▸ **Your task**: With pictures omitted, copy exactly the lines from the one containing "gym outlets Commercial" through the end of the records below.
-------- Records shown --------
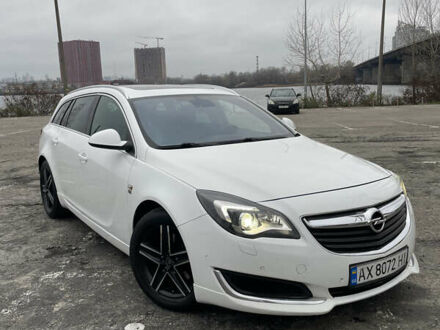 Белый Опель Инсигния, объемом двигателя 1.96 л и пробегом 298 тыс. км за 10800 $, фото 1 на Automoto.ua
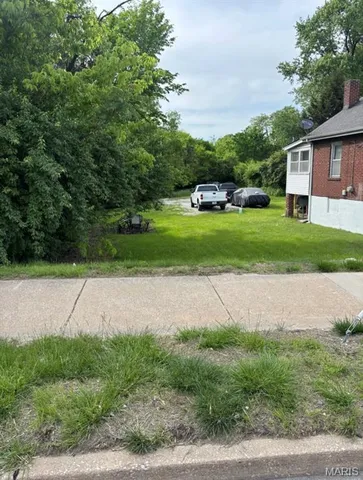 $10,000 | 2137 Kienlen Avenue, Hillsdale, MO 63121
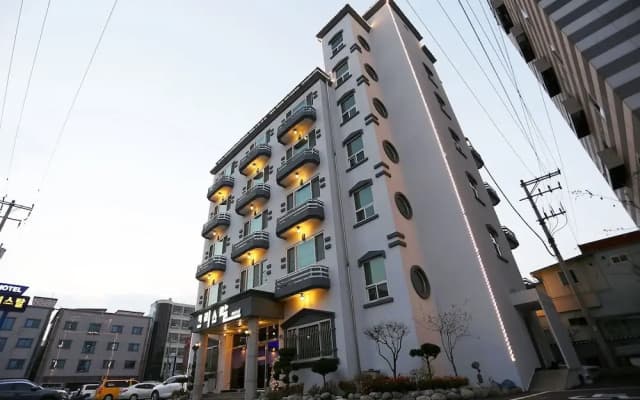 Gangneung Crystal Motel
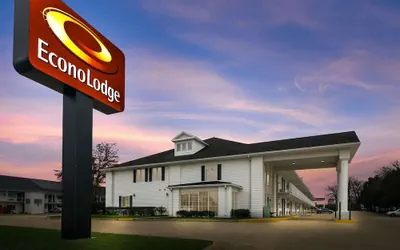 Photo 2 - Econo Lodge Branson Theater District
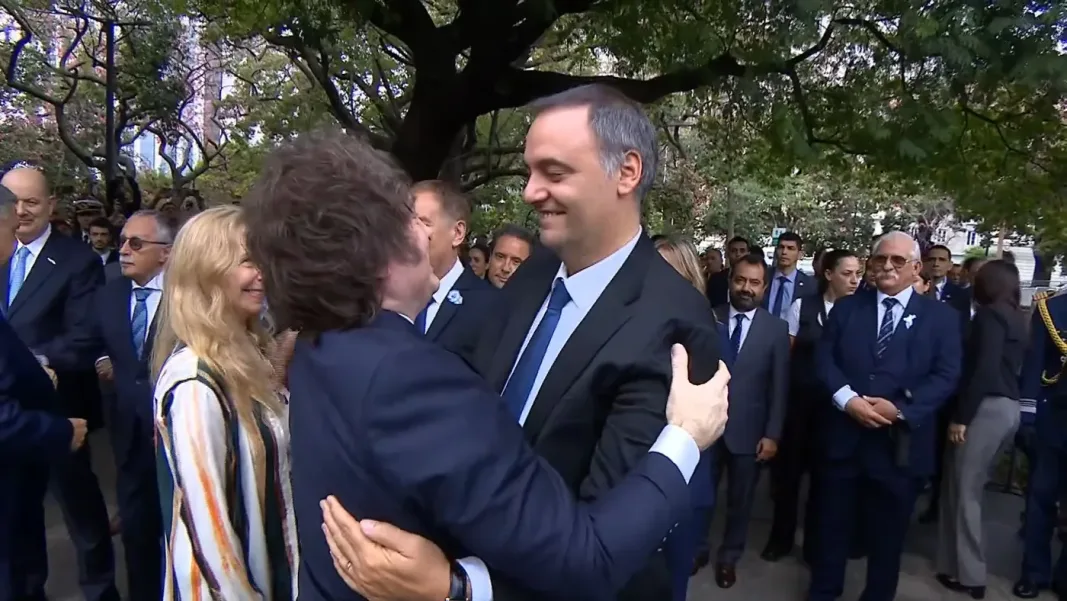 El presidente Javier Milei recibió a Manuel Adorni en Olivos, mientras crecen las tensiones entre Santiago Caputo y Martín Menem.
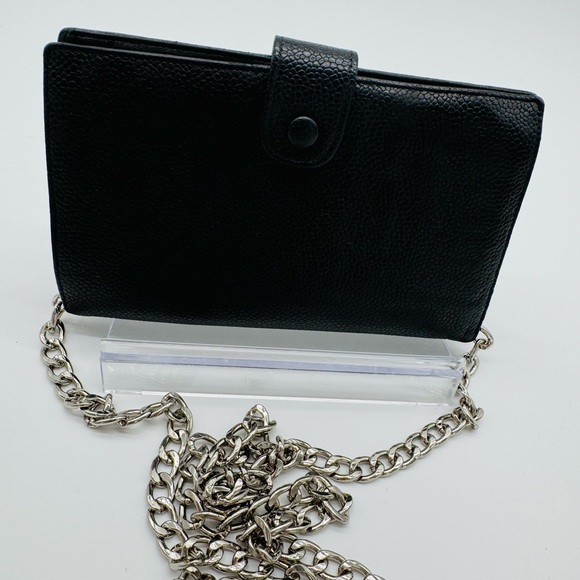 Chanel 🖤 Black Wallet on Chain - Picture 2 of 9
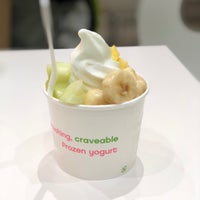 Photo taken at Pinkberry by やなだ し. on 2/24/2018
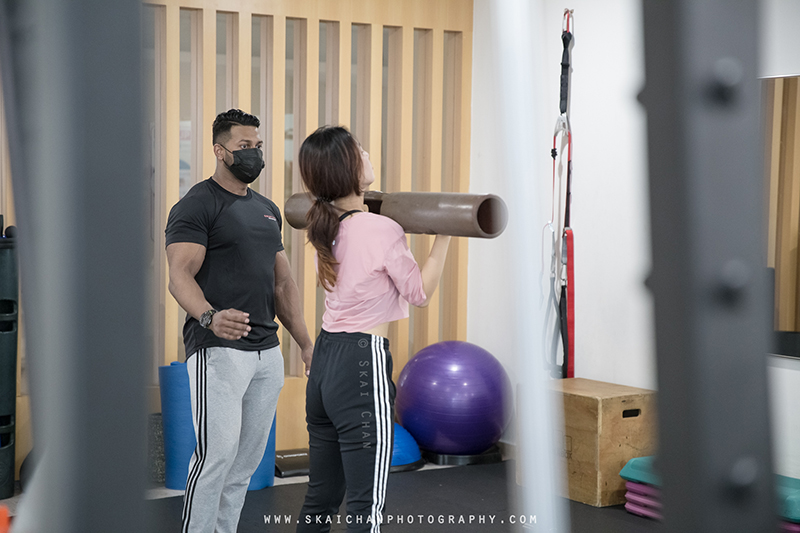 Commercial personal training photoshoot with Gold's Gym Singapore at various gym outlets Commercial personal training photoshoot with Gold's Gym Singapore at various gym outlets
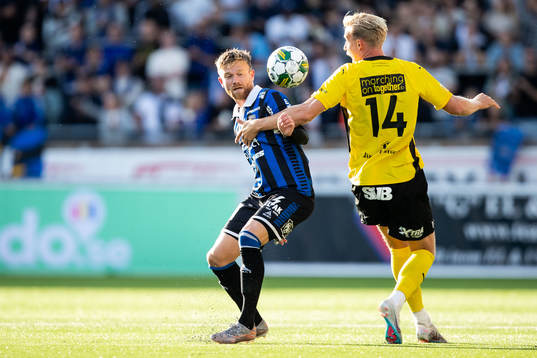 Sirius Dennis Widgren och Mjällbys Herman Johansson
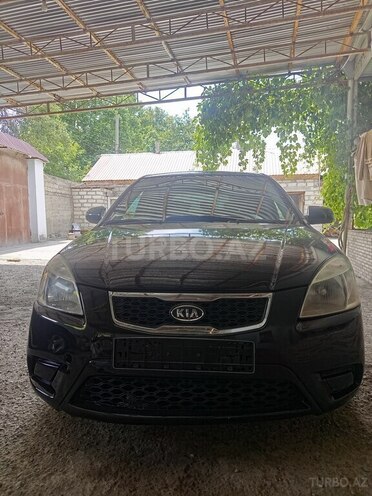 Kia Rio-1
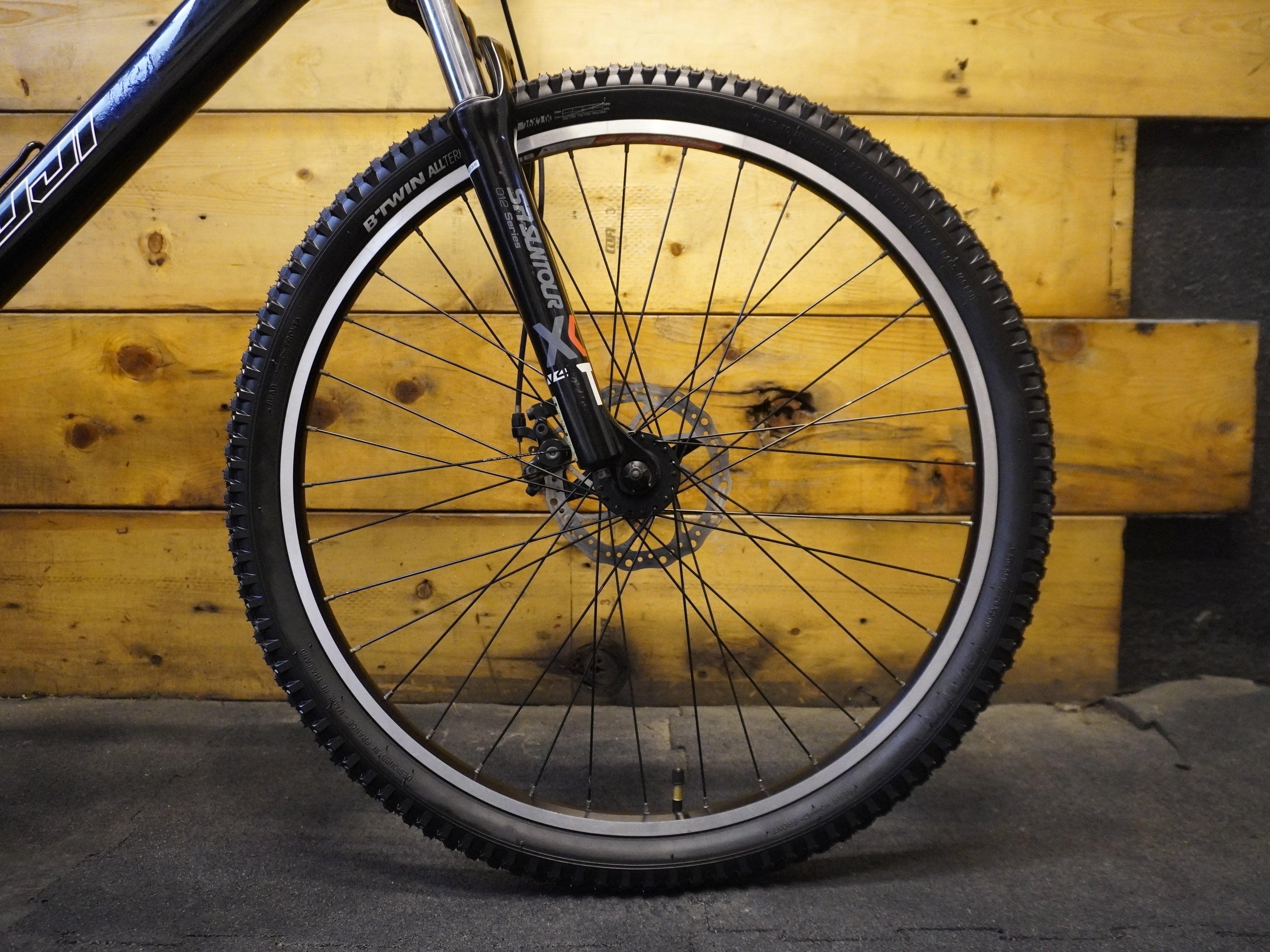 RENT Fuji USA Mountain Bike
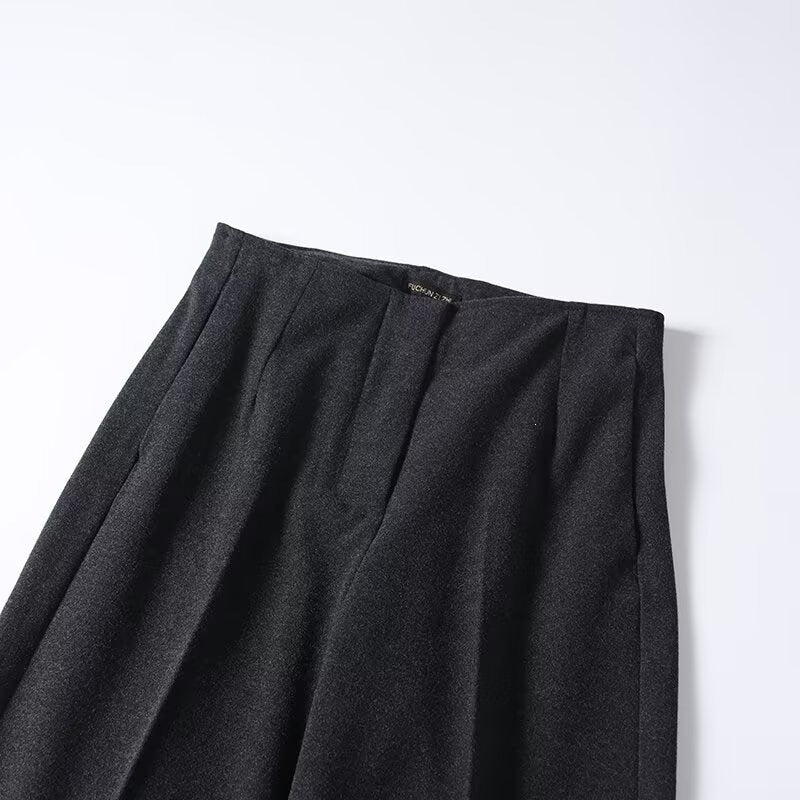 Women's High-Waisted Pleated Trousers with Wide Leg and Classic Tailoring Fashion Glam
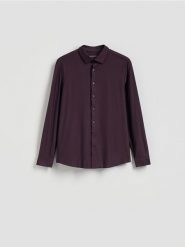Koszula slim fit z bawełną - fioletowy. Fioletowe koszule męskie Reserved, l, bez wzorów, z bawełny, bez kołnierzyka, bez ramiączek. Za 129.99 zł.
--------
▸ **Exercise result**:
 Commercial personal training photoshoot with Gold's Gym Singapore at various gym outlets Commercial personal training photoshoot with Gold's Gym Singapore at various gym outlets
 Sirius Dennis Widgren och Mjällbys Herman Johansson
 Kia Rio-1
 RENT Fuji USA Mountain Bike
 Women's High-Waisted Pleated Trousers with Wide Leg and Classic Tailoring Fashion Glam
Koszula slim fit z bawełną - fioletowy. Fioletowe koszule męskie Reserved, l, bez wzorów, z bawełny, bez kołnierzyka, bez ramiączek. Za 129.99 zł.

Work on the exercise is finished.